*** Data for review ***

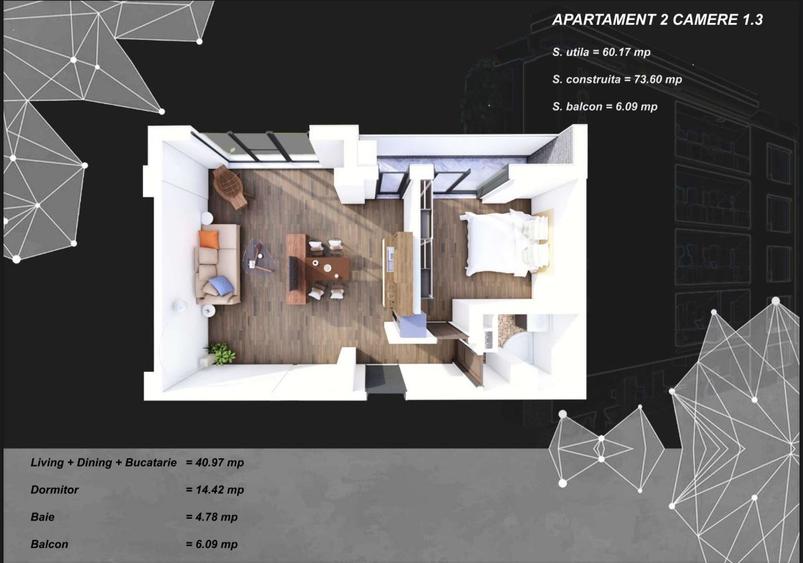Apartament 2 camere zona Tomis Plus cu Incalzire in Pardoseala
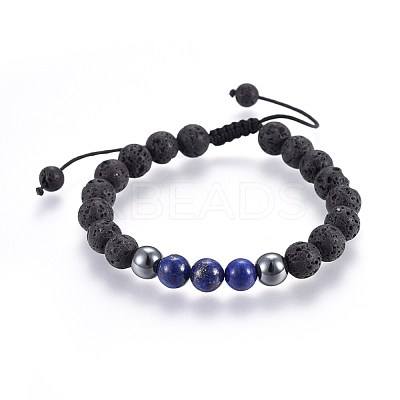 Natural Lava Rock and Non-Magnetic Synthetic Hematite Beads Braided Bead Bracelets BJEW-JB03975-02-1
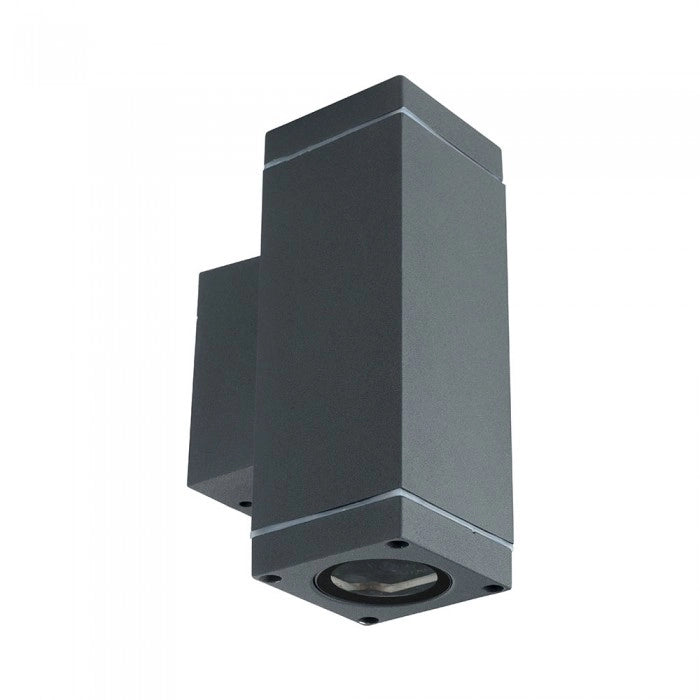 V-TAC VT-842 Lampada LED da Muro con Portalampada GU10 Doppio Fascio Luminoso Superiore e Inferiore Colore Grigio Scuro IP44 - SKU 8627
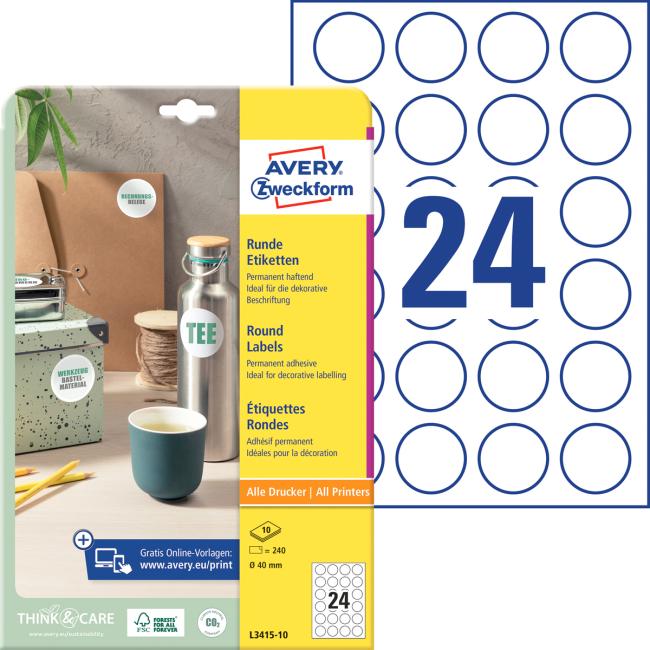 [AV341510] Etikety univerzální kruhové 40mm Avery A4 10 archů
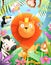 Jungle Animals and Lion Kids African Zoo Cartoon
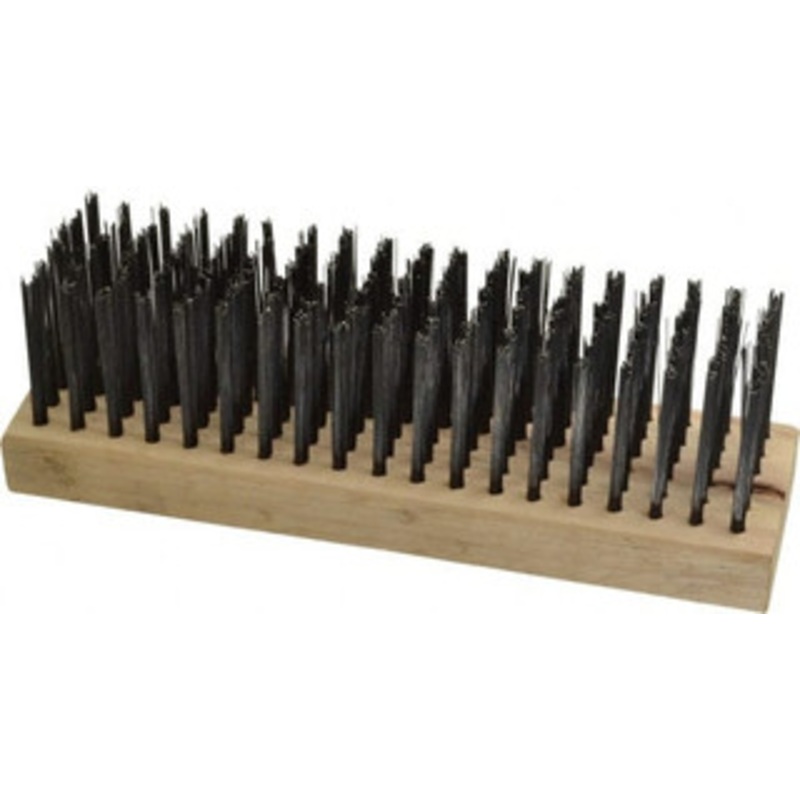 Weiler Abrasives 6 Rows x 19 Columns Steel Scratch Brush 7 Brush Length, 7-1/4 OAL, 1-5/8 Trim Length, Wood Straight Handle 98467 – 75851881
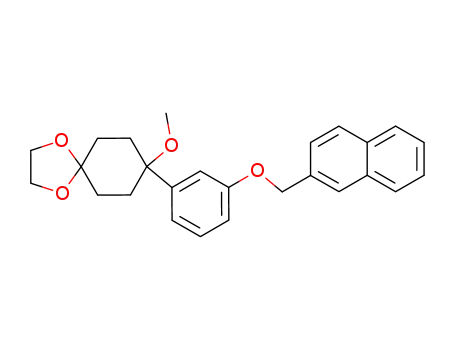 Molecular Structure of 130768-26-2 (1,4-Dioxaspiro[4.5]decane,
8-methoxy-8-[3-(2-naphthalenylmethoxy)phenyl]-)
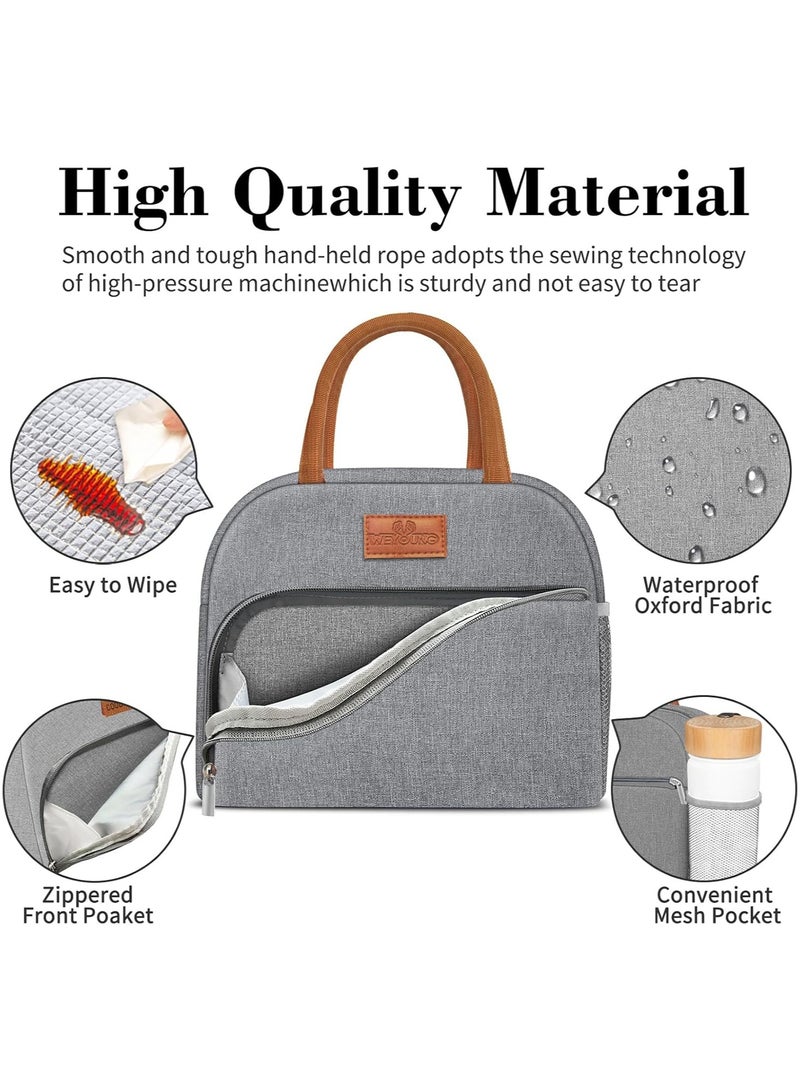 WinHolder Reusable Insulated new we young Lunch Bag for Women & Men – Leakproof, Large Capacity Tote for Work/Travel (Grey) - Image 5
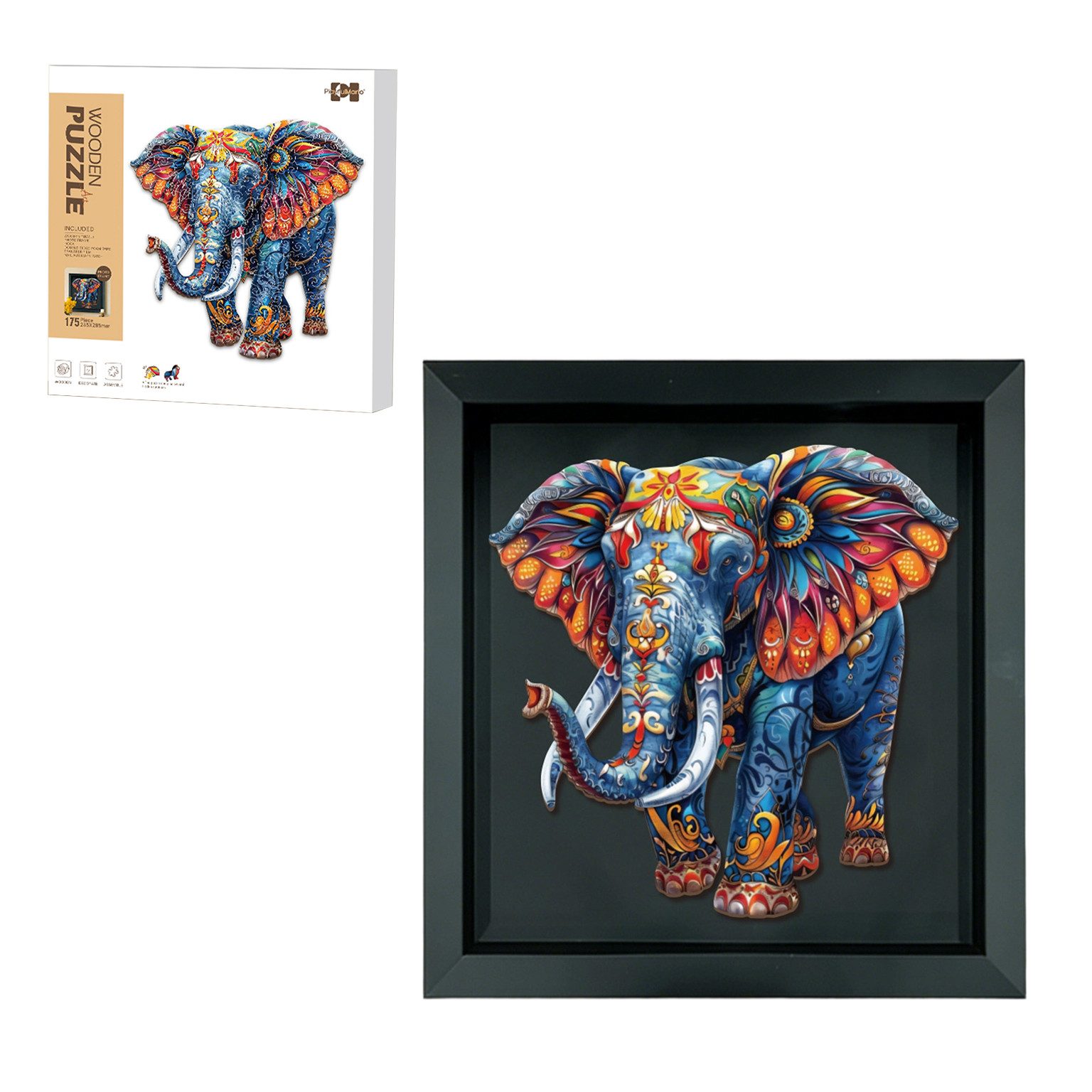 Esun Puzzle Holz puzzle Erwachsene, Elefant Holz Puzzle mit Rahmen zum Aufhängen, 179 Puzzleteile, Wooden Puzzle Elefant – 179 Teile mit Rahmen von Esun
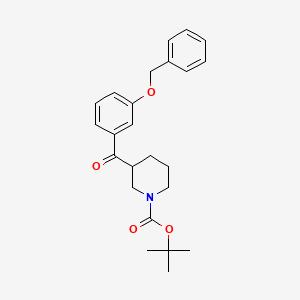 molecular formula C24H29NO4 B3001886 Tert-butyl 3-(3-phenylmethoxybenzoyl)piperidine-1-carboxylate CAS No. 2108354-85-2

*** End of Data for review ***

**Brief**
The answer should match the material exactly, with every picture removed.

**Result of this task**
Apartament 2 camere zona Tomis Plus cu Incalzire in Pardoseala
 Natural Lava Rock and Non-Magnetic Synthetic Hematite Beads Braided Bead Bracelets BJEW-JB03975-02-1
 V-TAC VT-842 Lampada LED da Muro con Portalampada GU10 Doppio Fascio Luminoso Superiore e Inferiore Colore Grigio Scuro IP44 - SKU 8627
 [AV341510] Etikety univerzální kruhové 40mm Avery A4 10 archů
 Jungle Animals and Lion Kids African Zoo Cartoon
 Weiler Abrasives 6 Rows x 19 Columns Steel Scratch Brush 7 Brush Length, 7-1/4 OAL, 1-5/8 Trim Length, Wood Straight Handle 98467 – 75851881
 Molecular Structure of 130768-26-2 (1,4-Dioxaspiro[4.5]decane,
8-methoxy-8-[3-(2-naphthalenylmethoxy)phenyl]-)
 WinHolder Reusable Insulated new we young Lunch Bag for Women & Men – Leakproof, Large Capacity Tote for Work/Travel (Grey) - Image 5
 Esun Puzzle Holz puzzle Erwachsene, Elefant Holz Puzzle mit Rahmen zum Aufhängen, 179 Puzzleteile, Wooden Puzzle Elefant – 179 Teile mit Rahmen von Esun
 molecular formula C24H29NO4 B3001886 Tert-butyl 3-(3-phenylmethoxybenzoyl)piperidine-1-carboxylate CAS No. 2108354-85-2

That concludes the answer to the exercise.